NEW YORK Oil's rally lost steam on Thursday after three straight days of gains as growing record U.S. stockpiles countered OPEC plans for a production freeze, with some analysts saying the market has risen too much, too fast from 12-year lows.
U.S. crude futures settled slightly lower and Brent a touch higher after data from market intelligence provider Genscape suggested inventories at the Cushing, Oklahoma delivery hub rose 1.1 million barrels to 68.7 million during the week to March 1.
The U.S. government had already reported on Wednesday Cushing stockpiles rose to record highs of 66.3 million barrels last week. U.S. crude stockpiles as a whole rose 10.4 million barrels last week to an all-time peak of 518 million barrels. [EIA/S]
Brent futures, the global benchmark for crude, settled up 14 cents at $37.07 a barrel, after rallying earlier to $37.37. Brent has risen nearly $2 since Friday's close, with the bulk of it accumulated in the first two days.
U.S. crude futures settled down 9 cents at $34.57.

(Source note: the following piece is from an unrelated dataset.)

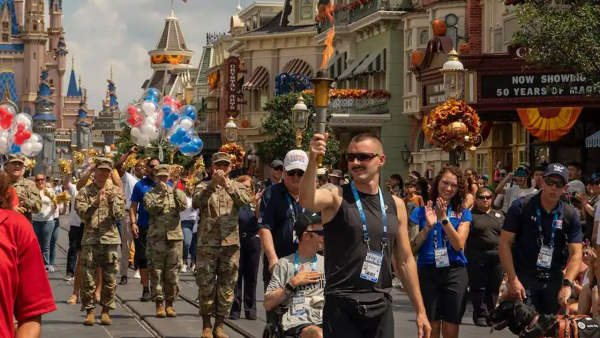 Veterans parading down Main Street USA carrying a torch and red, white and blue balloons.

"We expect crude to retrace to the $30 per barrel range," Vikas Dwivedi, analyst at Macquarie Capital, said. He added that the market's rebound was "too early," discounting rapidly rising inventories.
In under two months, Brent and U.S. crude futures have risen more than 30 percent from 12-year lows of between $26 and $27.

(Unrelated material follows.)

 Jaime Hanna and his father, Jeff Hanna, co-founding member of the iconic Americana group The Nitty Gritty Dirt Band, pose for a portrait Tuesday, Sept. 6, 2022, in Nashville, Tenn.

The rally was fueled by pledges from the Organization of the Petroleum Exporting Countries to work with other major oil producers to freeze production at January's highs.
Some members of OPEC plan to meet other oil producers in Russia around March 20 for new talks on the freeze, Nigeria's petroleum minister said, forecasting the meeting would spark a dramatic reaction in crude prices.
"Both the Saudis and the Russians, everybody is coming back to the table," minister Emmanuel Ibe Kachikwu told a conference in Abuja. "I think we're very humbled today to accept that if we get to a price of $50, it will be celebrated. That's a target that we have."
A Gulf OPEC delegate said no decision on the date or venue of a meeting has been made yet, although the Gulf countries prefer that it would be held in the first half of April, and preferably in Doha, or some other Gulf city.
The Relative Strength Index (RSI) in U.S. crude futures stood above 60 on Thursday, heading toward the overbought level of 70, Reuters data showed. The RSI was below the oversold level of 30 on Jan. 20.
Brent's open interest was, meanwhile, at a record high of nearly 518,000 contracts, indicating heavy speculative buying, traders said.
"Many are convinced the market has bottomed," said Pete Donovan, broker at Liquidity Energy in New York. "Cautiously constructive opinions are becoming more prevalent."